WHAT IS REQUIRED => The part below that opens with the line containing "Hotel Alpha Inn Akita Quarto foto" and closes with the line containing "wooden terrace with" should be copied exactly, minus any pictures.

SUPPLIED MATERIAL =>
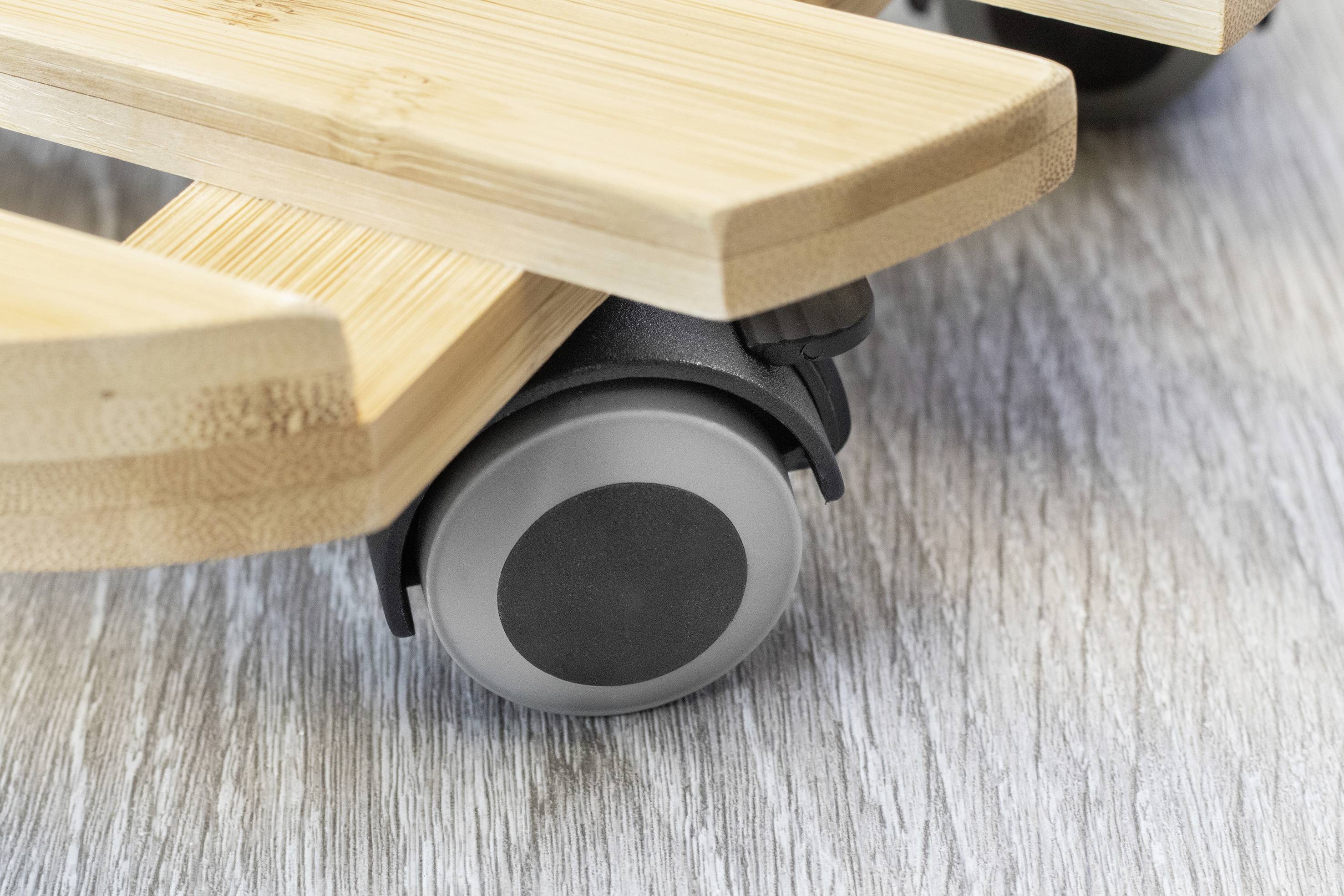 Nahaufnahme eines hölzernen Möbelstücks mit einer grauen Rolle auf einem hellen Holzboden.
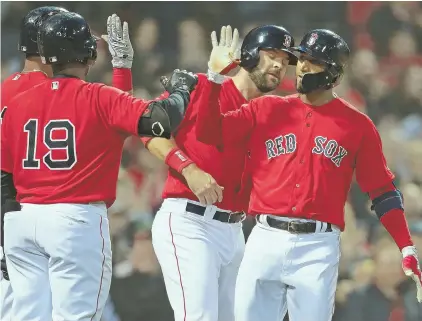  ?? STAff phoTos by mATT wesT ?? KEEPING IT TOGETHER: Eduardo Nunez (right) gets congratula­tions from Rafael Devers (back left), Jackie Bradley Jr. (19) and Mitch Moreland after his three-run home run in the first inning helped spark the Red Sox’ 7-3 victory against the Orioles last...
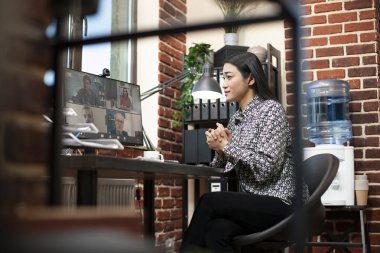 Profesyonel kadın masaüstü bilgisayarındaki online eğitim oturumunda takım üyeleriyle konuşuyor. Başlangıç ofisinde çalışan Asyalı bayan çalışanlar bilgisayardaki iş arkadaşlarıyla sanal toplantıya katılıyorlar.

---

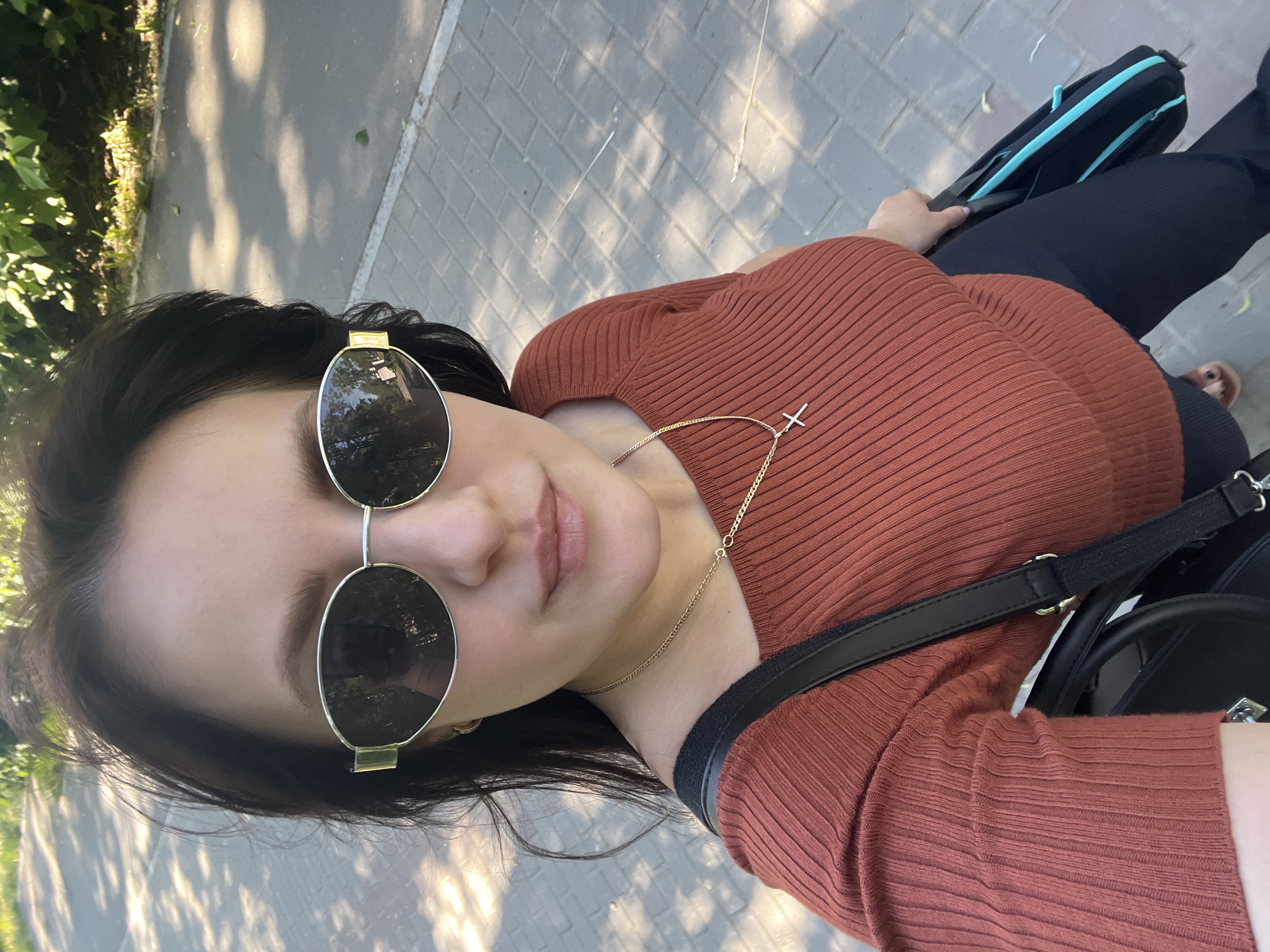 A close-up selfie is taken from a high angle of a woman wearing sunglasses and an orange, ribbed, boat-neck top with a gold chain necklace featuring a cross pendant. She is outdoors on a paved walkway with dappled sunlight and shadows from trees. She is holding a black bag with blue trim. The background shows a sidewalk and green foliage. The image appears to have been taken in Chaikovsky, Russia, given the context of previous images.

...

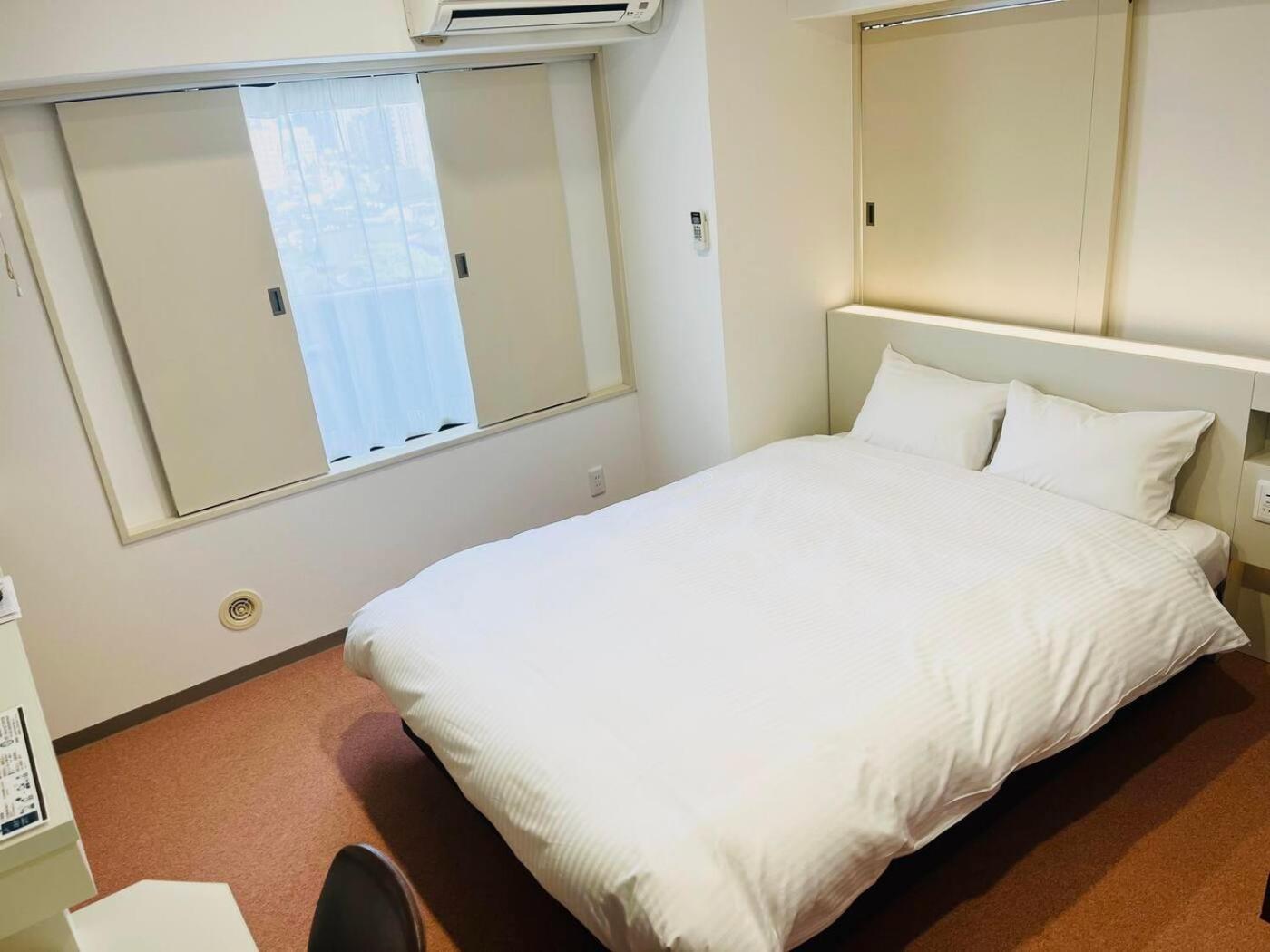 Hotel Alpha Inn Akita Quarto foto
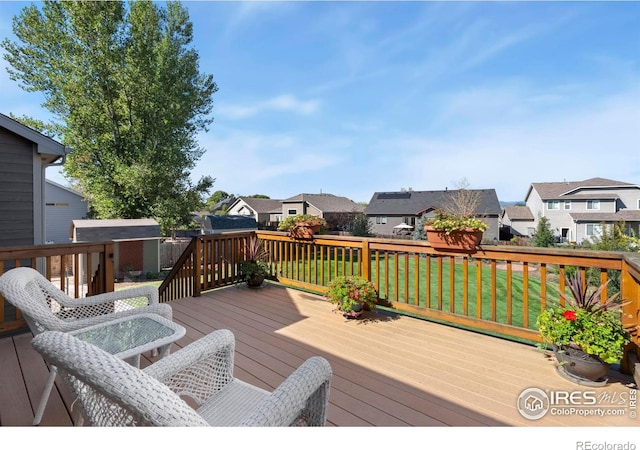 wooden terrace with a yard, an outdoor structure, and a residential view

WRITTEN ANSWER =>
 Hotel Alpha Inn Akita Quarto foto
 wooden terrace with a yard, an outdoor structure, and a residential view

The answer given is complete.